As for an agency’s factual findings, the court “should accept the agency’s factual findings if those findings are supported by substantial evidence on the record as a whole,” even if there are “alternative findings that could be supported by substantial evidence.” Arkansas v. Oklahoma, 503 U.S. 91, 113, 112 S.Ct. 1046, 117 L.Ed.2d 239 (1992) (citation omitted), “Particular deference is given by the court to an agency with regard to scientific matters in its area of technical expertise.” Nat’l Wildlife Fed’n v. EPA 286 F.3d 554, 560 (D.C.Cir.2002).
*742 To obtain summary judgment, the moving party must show that there is no genuine issue as to any material fact and that the moving party is entitled to judgment as a matter of law. Fed.R.Civ.P. 56(c). In this case, the only material facts are those contained in the administrative record. See Citizens to Preserve Overton Park, Inc. v. Volpe, 401 U.S. 402, 420, 91 S.Ct. 814, 28 L.Ed.2d 136 (1971); Virginia Agr. Growers Ass’n v. Donovan, 774 F.2d 89, 92 (4th Cir.1985). Furthermore, as stated above, this court will accept the EPA’s factual findings “if those findings are supported by substantial evidence on the record as a whole.” Arkansas, 503 U.S. at 113, 112 S.Ct. 1046. If the administrative record does reveal some genuine issue of material fact — that is, if the evidence in the administrative record could reasonably support different factual conclusions — the court defers to the EPA’s reasonable resolution of that factual question. To put it another way, when a court reviews an agency action, the “plaintiffs burden on summary judgment is not materially different from his ultimate burden on the merits.” Krichbaum v. U.S. Forest Service, 17 F.Supp.2d 549, 556 (W.D.Va.1998). Accordingly, this matter is appropriately resolved on cross-motions for summary judgment.
III. Standing
Under Article III of the United States Constitution, “[t]he judicial Power [of the United States] shall extend to all Cases ... [and] Controversies .... ” U.S. Const, art. Ill, § 2. Among other things, the “case and controversy” requirement ensures that the federal judicial power can be exercised only when a plaintiff has standing to bring suit. See Friends of the Earth, Inc. v. Gaston Copper Recycling Corp., 204 F.3d 149, 153 (4th Cir.2000). “The standing inquiry ensures that a plaintiff has a sufficient personal stake in a dispute to render judicial resolution appropriate.” Id.

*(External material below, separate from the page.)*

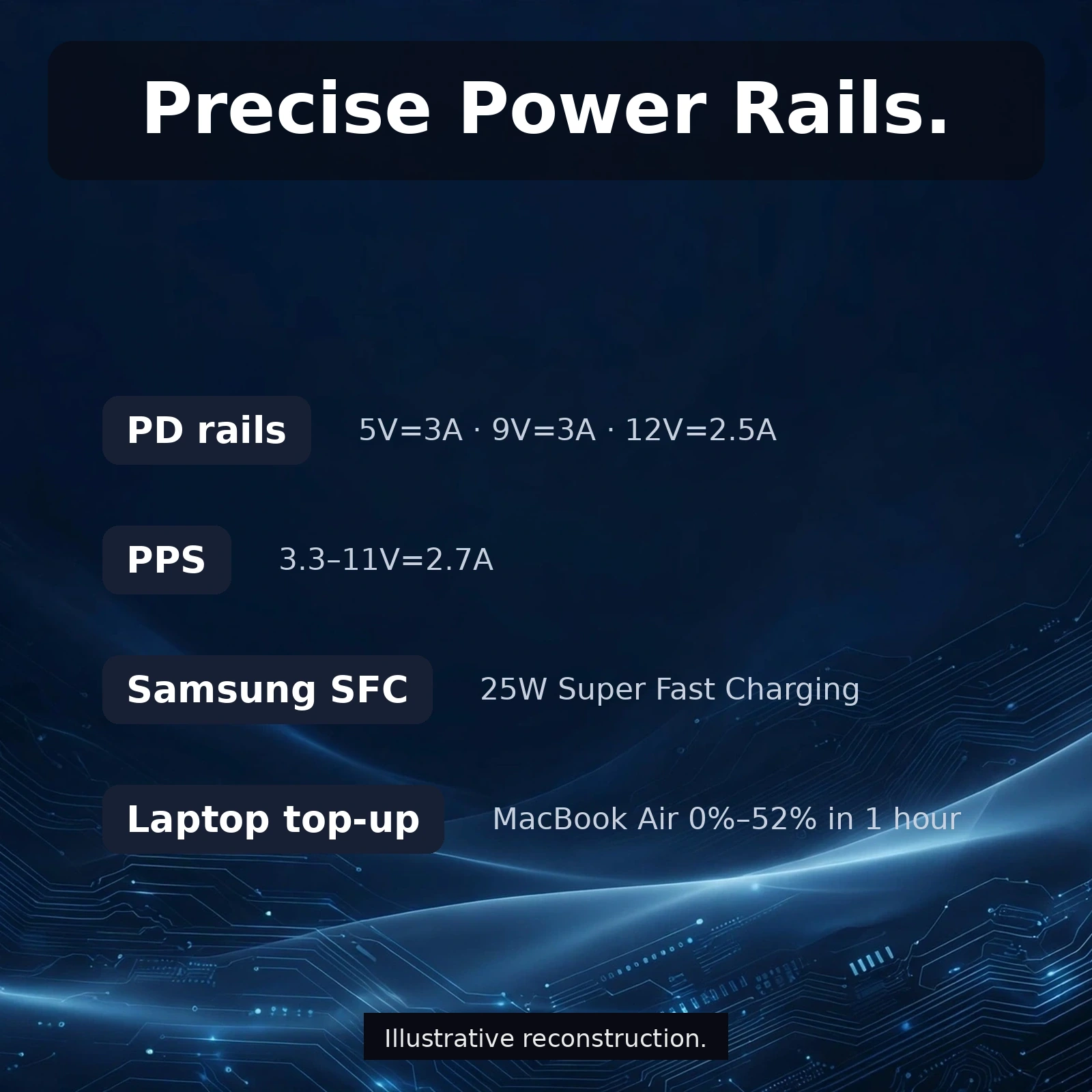 Precise power rails PD 5V 9V 12V and PPS 3.3 to 11V on the Joyroom JR-TCF24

In this case, the EPA has not challenged the plaintiffs’ standing to bring suit. Nor do the WVDEP or the Industrial Intervenors question the plaintiffs’ standing in this case. The only parties to challenge the plaintiffs’ standing are the Municipal Intervenors. Because Article III standing is a jurisdictional requirement, this court must satisfy itself of a plaintiffs standing regardless of whether any party has raised the issue. See Bernhardt v. County of Los Angeles, 279 F.3d 862, 868 (9th Cir.2002); Skrzypczak v. Kauger, 92 F.3d 1050, 1052 (10th Cir.1996); Dan River, Inc. v. Unitex Ltd., 624 F.2d 1216, 1223 (4th Cir.1980).
To demonstrate Article III standing, a “plaintiff must show (1) it has suffered an ‘injury in fact’ that is (a) concrete and particularized and (b) actual or imminent, not conjectural or hypothetical; (2) the injury is fairly traceable to the challenged action of the defendant; and (3) it is likely, as opposed to merely speculative, that the injury will be redressed by a favorable decision.” Friends of the Earth, Inc. v. Laidlaw Envt’l Services, Inc., 528 U.S. 167, 180-81, 120 S.Ct. 693, 145 L.Ed.2d 610 (2000). The Fourth Circuit has explained that “[i]n the environmental litigation context, the standing requirements are not onerous.” Am. Canoe Ass’n v. Murphy Farms, Inc., 326 F.3d 505, 517 (4th Cir.2003). In order to demonstrate their standing in this case, the plaintiff organizations filed affidavits from eight of their members articulating the types of harms they would suffer as a result of the EPA’s approval of West Virginia’s antidegradation procedures. 9
*743 Michael Hartman states that he has long participated in boating, fishing, and swimming in the Kanawha River, and plans to continue to do so. 10 Pis.’ Op. Br., App. 1. He also enjoys watching the Kanawha River from a riverside park in his hometown of St. Albans, West Virginia. Id. He expresses concern that any degradation of the water quality of the Kanawha River will impair his recreational and aesthetic enjoyment of the river. Id. He also claims that a clean environment is critical to the region’s social and economic growth, because a clean environment is a primary concern for new individuals and businesses considering relocation to West Virginia. Id. A lowering of the water quality in the river, he states, will harm his interest in the area’s continued social and economic growth and vitality. Id.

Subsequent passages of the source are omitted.